**Information provided**

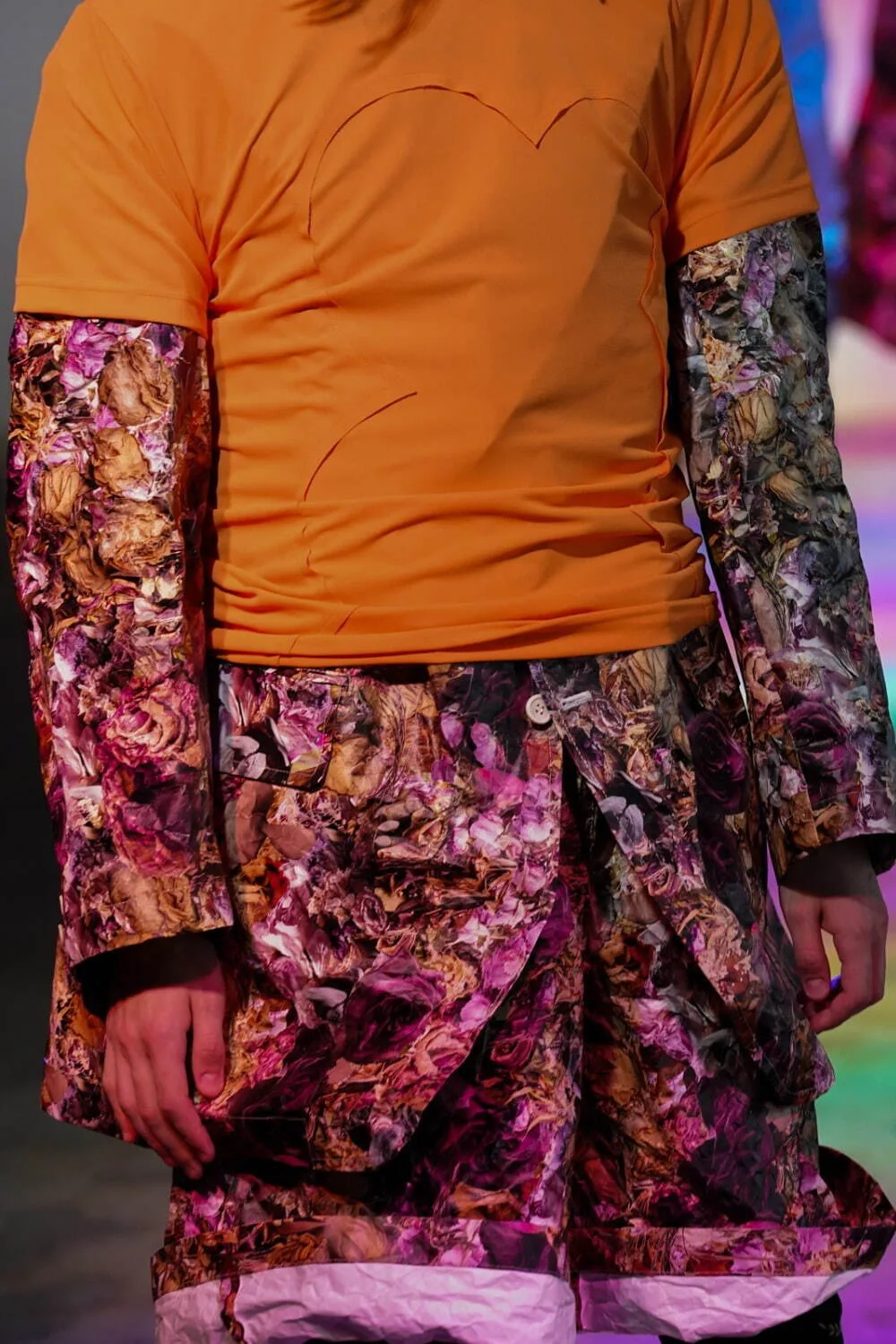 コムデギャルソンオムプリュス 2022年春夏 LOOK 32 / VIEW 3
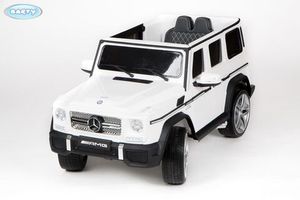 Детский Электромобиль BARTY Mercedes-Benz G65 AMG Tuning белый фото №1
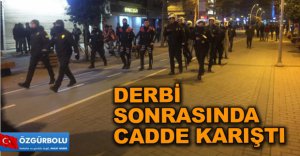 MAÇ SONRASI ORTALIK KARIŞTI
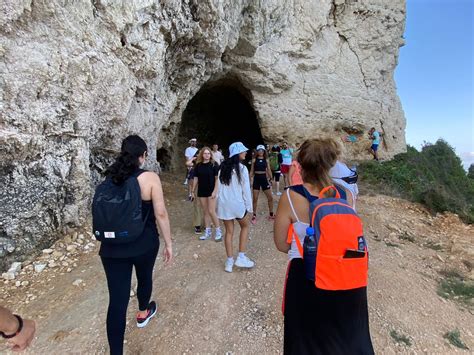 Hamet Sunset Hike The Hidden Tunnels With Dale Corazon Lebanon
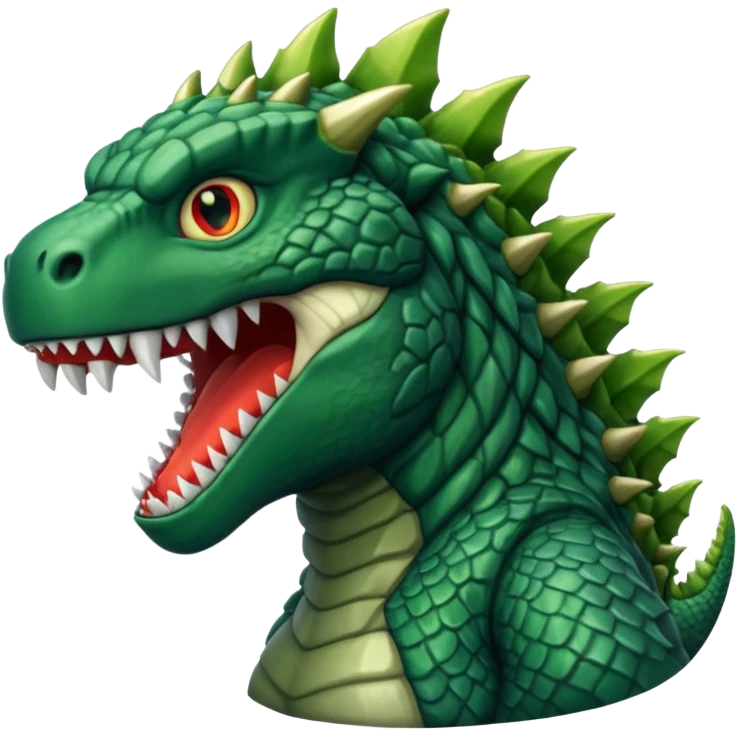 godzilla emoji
* * *
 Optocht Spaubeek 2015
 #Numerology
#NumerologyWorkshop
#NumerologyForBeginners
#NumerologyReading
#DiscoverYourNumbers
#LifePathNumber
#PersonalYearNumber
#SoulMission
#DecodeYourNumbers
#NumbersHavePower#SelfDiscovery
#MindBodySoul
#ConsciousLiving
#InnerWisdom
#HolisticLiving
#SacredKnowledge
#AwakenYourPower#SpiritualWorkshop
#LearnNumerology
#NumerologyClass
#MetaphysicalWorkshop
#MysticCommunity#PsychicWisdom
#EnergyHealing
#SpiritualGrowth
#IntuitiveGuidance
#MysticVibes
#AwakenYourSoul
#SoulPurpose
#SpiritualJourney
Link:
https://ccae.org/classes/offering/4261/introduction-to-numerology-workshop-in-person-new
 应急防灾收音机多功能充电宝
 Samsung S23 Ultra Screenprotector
==
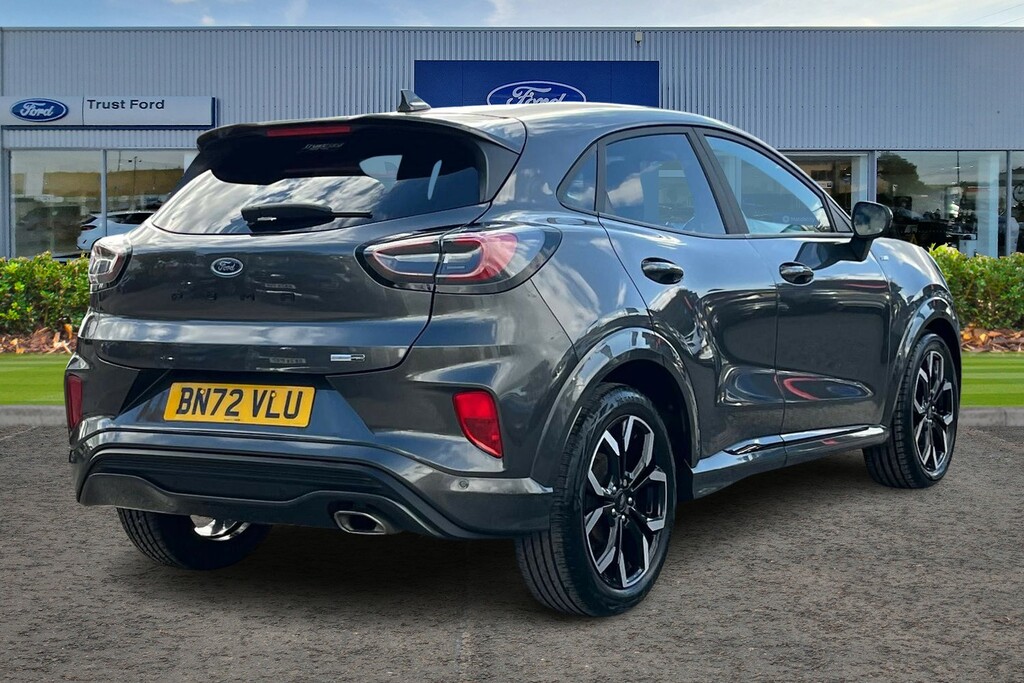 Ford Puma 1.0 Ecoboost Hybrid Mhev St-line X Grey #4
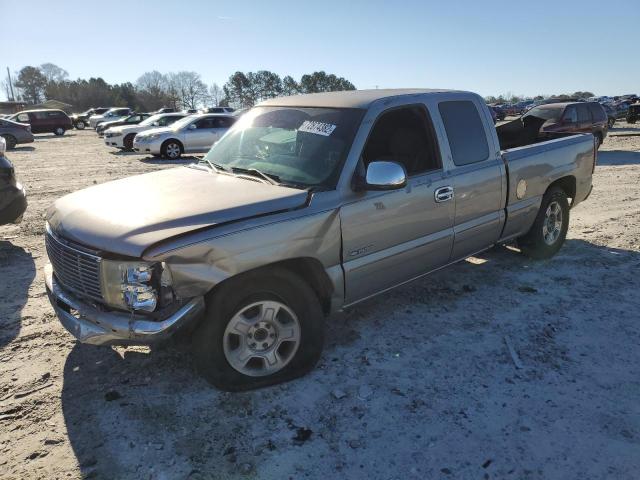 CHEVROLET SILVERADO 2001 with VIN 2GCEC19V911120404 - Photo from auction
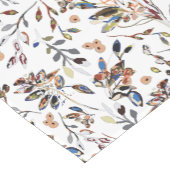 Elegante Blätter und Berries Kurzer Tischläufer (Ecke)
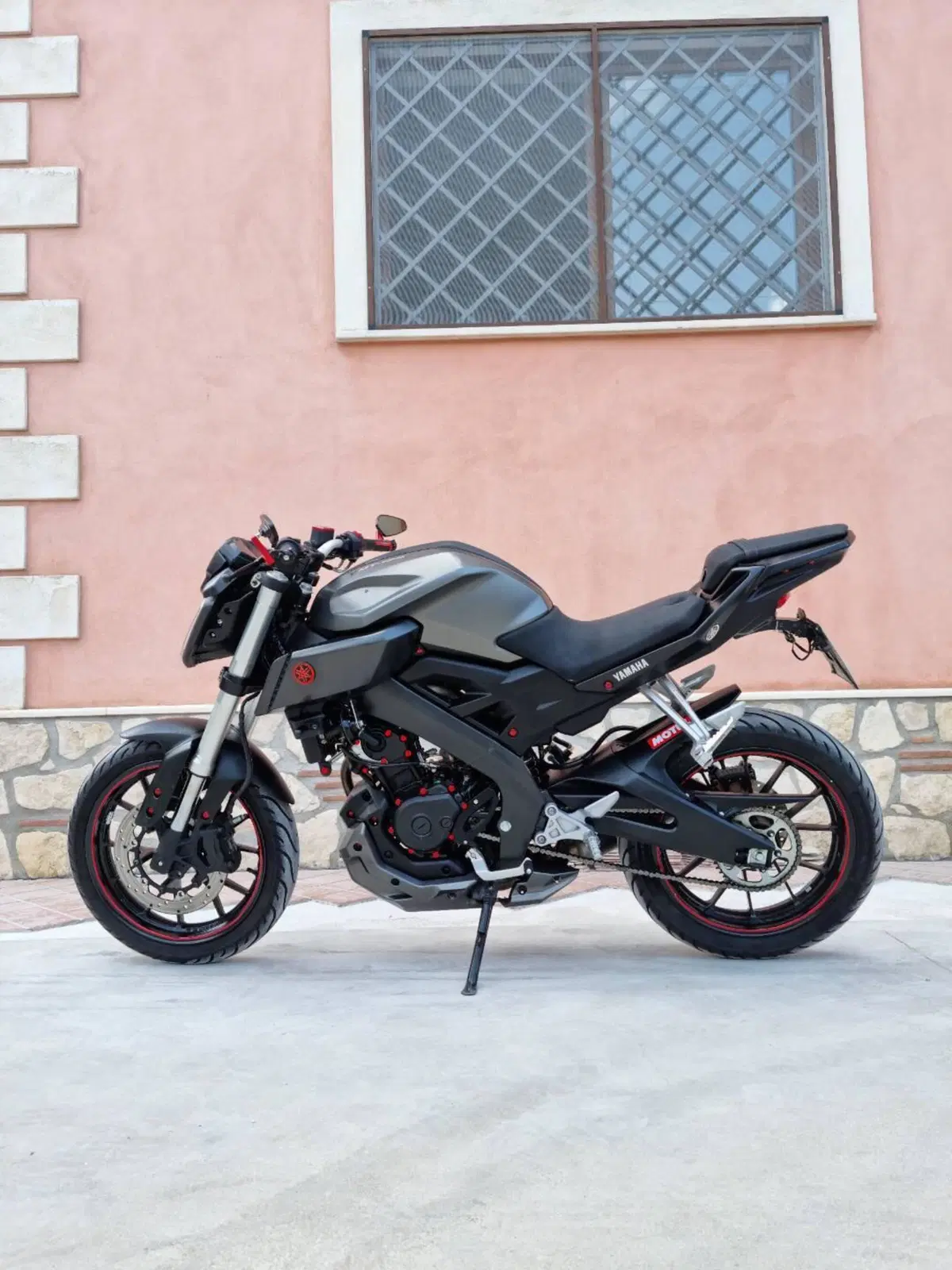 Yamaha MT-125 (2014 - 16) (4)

**Task instructions**
Here the job is to copy the stretch of records from the line containing "MAÇ SONRASI ORTALIK KARIŞTI" through the line containing "godzilla emoji", word for word. Leave every picture out.

**Task result**
 MAÇ SONRASI ORTALIK KARIŞTI
 Hamet Sunset Hike The Hidden Tunnels With Dale Corazon Lebanon
 godzilla emoji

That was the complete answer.